Earlier this week, we alerted clients to the first public discussion of the OCC’s policy of “legal simplification,” which in concert with the “heightened expectations” out for comment read to us like a wholesale rewrite of the national-bank charter. I analyzed the strategic impact of the new governance and risk-management expectations in a prior memo; now, I’ll turn to the simplification standards, with my main take-away: subsidiarization is in your future if you’re a national bank or a large foreign one under the OCC’s jurisdiction.
In the “heightened expectations,” the OCC told national banks that their boards must be independent of the parent and focus first and foremost on safety and soundness, not sending dollars back to Big Daddy. This is a major departure from current practice at many BHCs with lead national banks, where the companies are governed as almost seamless wholes and the return to shareholders is a binding, common thread.
The OCC’s standards would not only require a new purity of prudential purpose at national banks, but also hold them to still higher account in terms of buffers and other risk protection, basically bullet-proofing them as much as possible against any indignities to which the parent might seek to put them. As I said in my last memo, this essentially turns national banks into utilities that must always keep the lights shining brightly – a public-policy objective that redefines the way most CEOs I know now think of the national banks they run.
To these heightened expectations now add “legal simplification.” That this is needed at many big BHCs goes without question – a while ago, a senior Congressional staffer told me of a meeting on this question at which a big-bank lobbyist said his company owned six insured depositories only to learn from the staffer that it in fact owned seven. Pesky, those little-bitty banks. And, of course, that this doesn’t count the thousands of affiliates, subsidiaries, and other dribs and drabs housed around the world for all sorts of reasons most big BHCs can’t even remember any more.

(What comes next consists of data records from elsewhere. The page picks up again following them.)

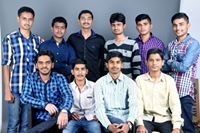 Suraj Kokare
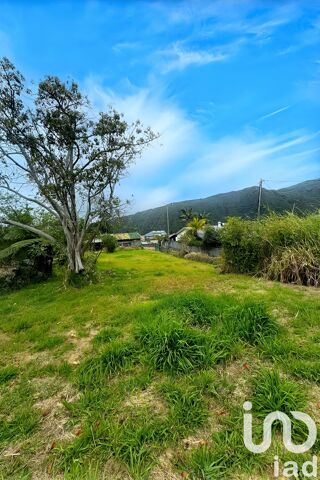  Terrain  vendre 471 m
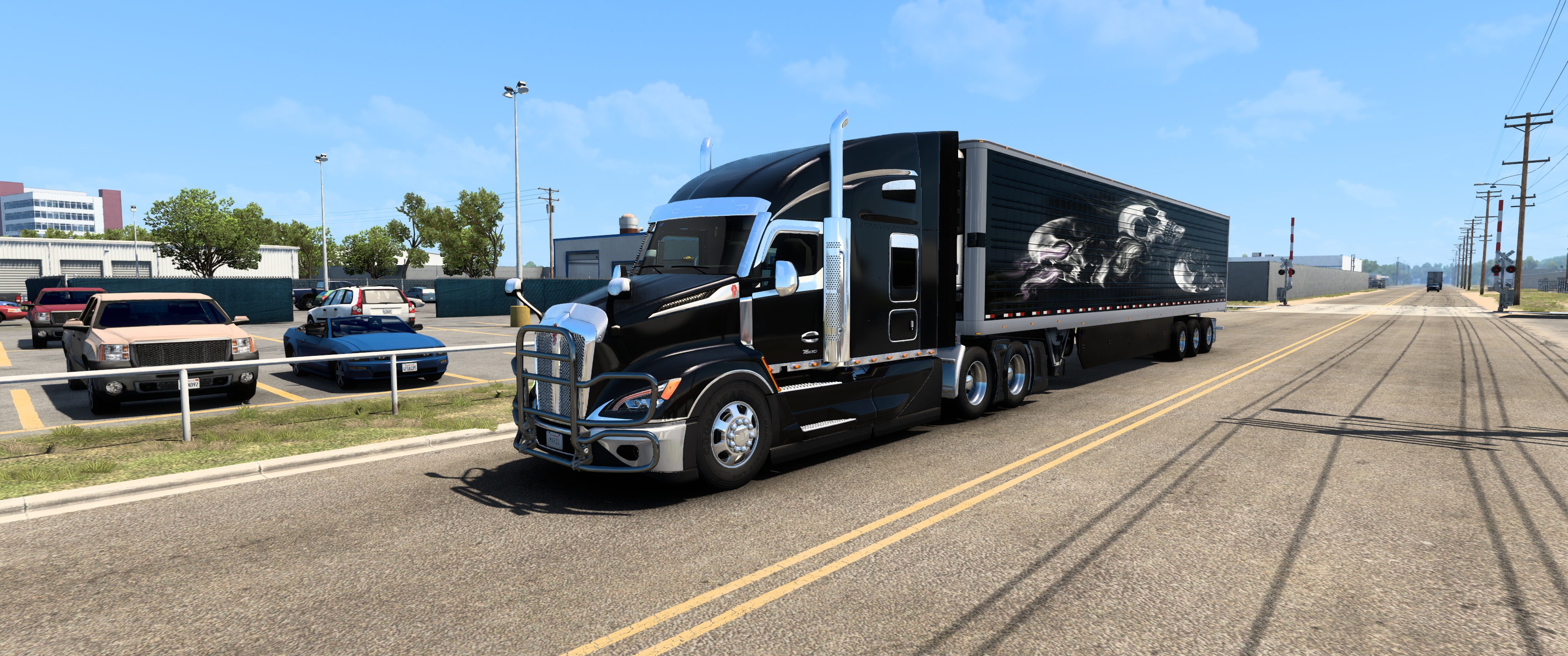 Image by mariojenkner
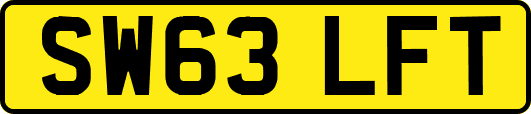 SW63LFT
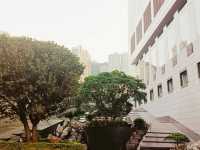 Hong Kong Bustling World: Complete Guide for Wonderlust Visitors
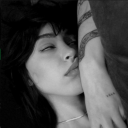 aynenayneneleryapiyopicler's avatar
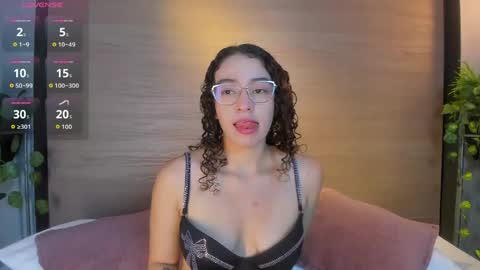 Its Britney Bitch online show from 29, 5, 2026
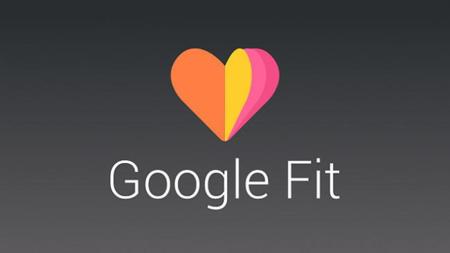 Las primeras aplicaciones de fitness que se integran a Google Fit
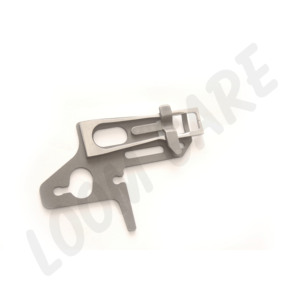 DADOR DE TRAMA LISO (911819357) - Product Image 4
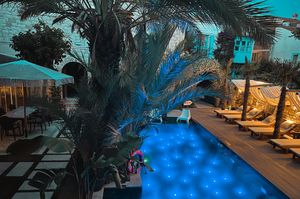 turkey/izmir/cesme/theabchotel21b33873.jpg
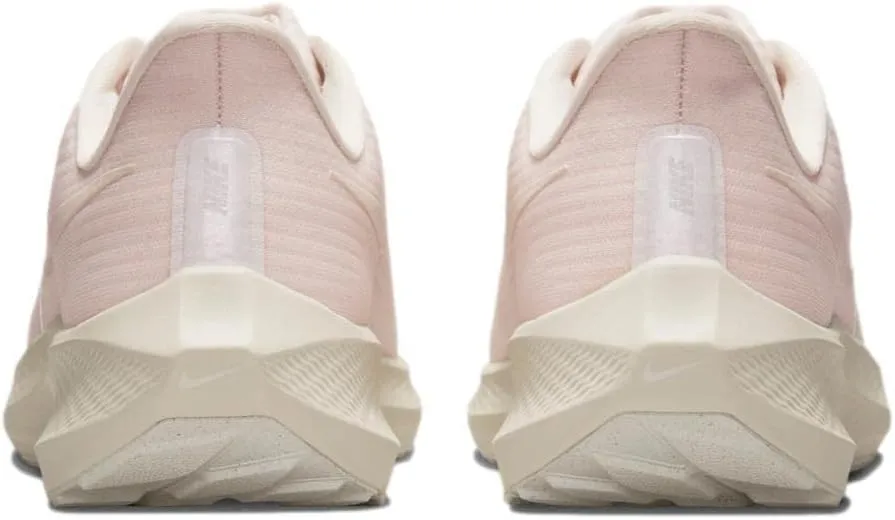 Nike Women's Sporty Running Shoes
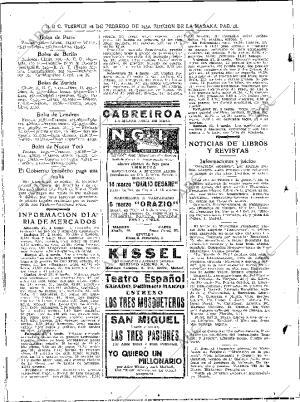 ABC MADRID 28-02-1930 página 46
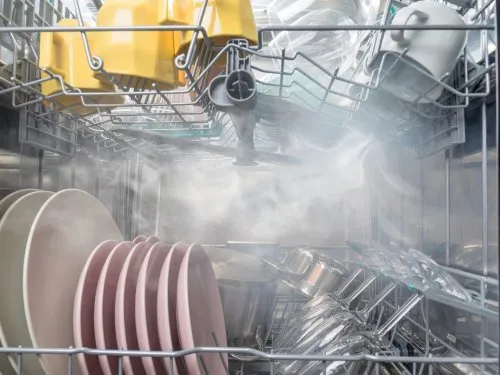 cfa8f25f8a5c5333c2a4b5fa922615247e78f918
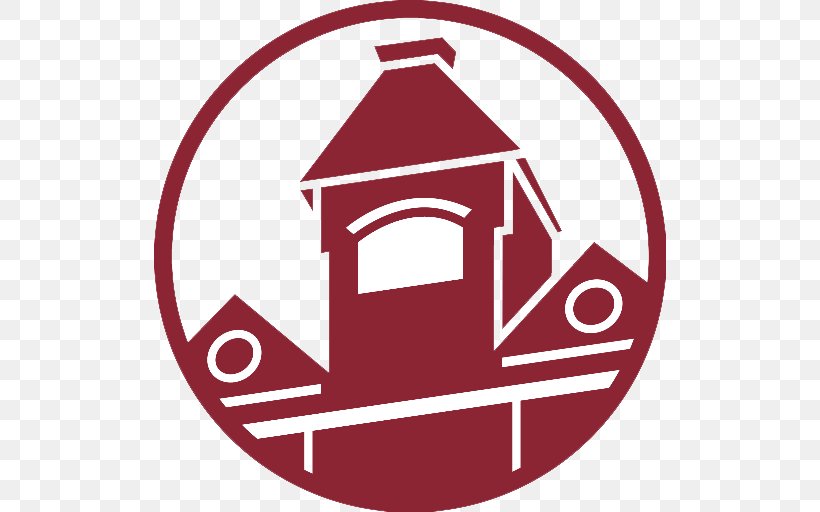 Morehouse College Maroon Tigers Men's Basketball Clark Atlanta University Spelman College Forbes Arena, PNG, 512x512px, Morehouse College, Alumnus, Area, Artwork, Brand Download Free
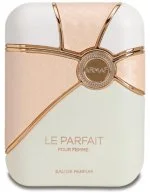 Le Parfait Femme parfémovaná voda pro ženy 100 ml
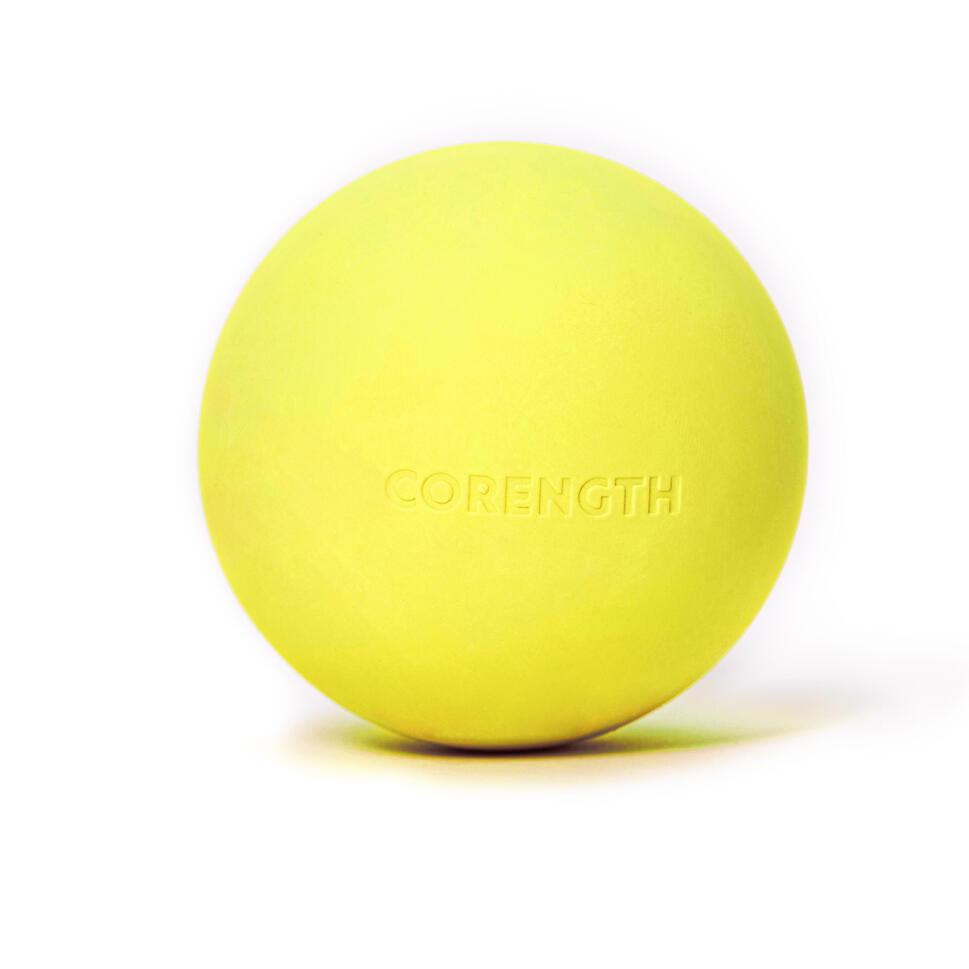 Jual Decathlon Corength Massage Ball Bola Pijat Cross Training ...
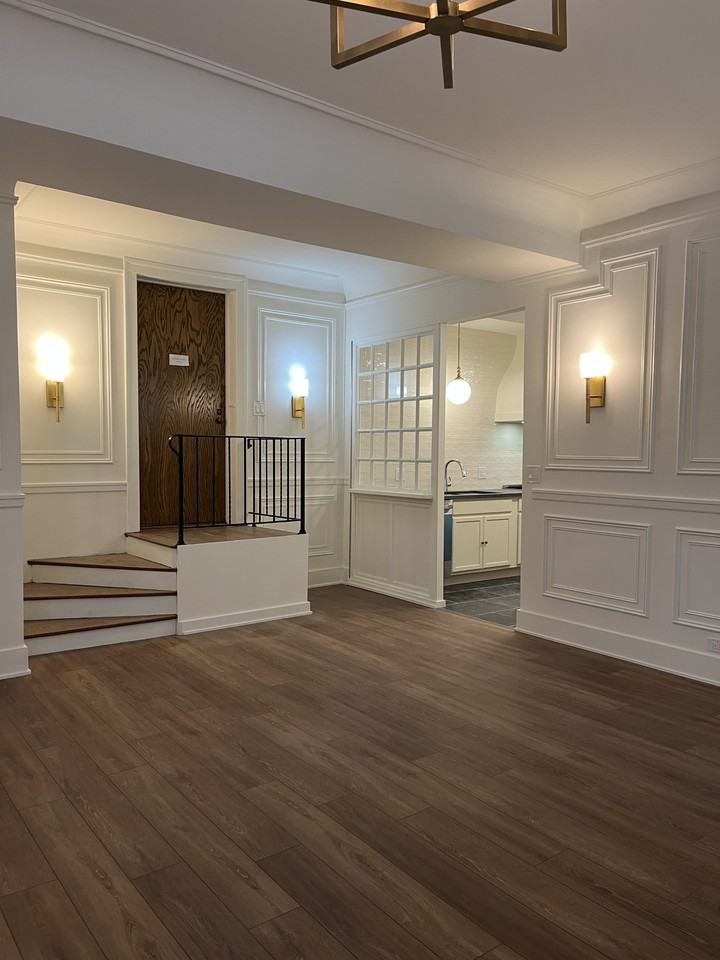 1035 Hull Ter - Photo 5 of 25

The OCC likes simplification not just because it makes life easier for its examiners, but also because it thinks it makes big banks more resolvable and – a plus for the banks – more cost-effective. However, in pressing for simplification, the agency needs to remember its own role in messing up big banks: authorization for operating and financial subsidiaries principally designed to get national banks around lots of state rules and federal restrictions on mixing banking and commerce. These subs were crafted in the OCC’s heady days of thinking everything any bank wanted fell within the “business of banking” as long as it could be kept out of the state’s clutches. Now, the agency – much chastened by the crisis – is singing from a very different hymnal.
Later this month, I’m very much looking forward to joining a conference http://www.bu.edu/bucflp/initiatives/building-on-150-years-the-future-of-nationalbanking/ the OCC is sponsoring to assess its history over the past 150 years and its future role as the regulator of national banks that often lead the world in not just size and complexity, but also product innovation. At this session, the agency will consider critical questions like the future of federal preemption and the role its supervisors are to play setting strategy at the banks they govern. I’ll add an analysis of how national banking fits into the broader realignment of financial services, in which the shadows grow ever longer. National banking isn’t the same as it was before the crisis – the OCC’s new standards make this patently clear. But, now what?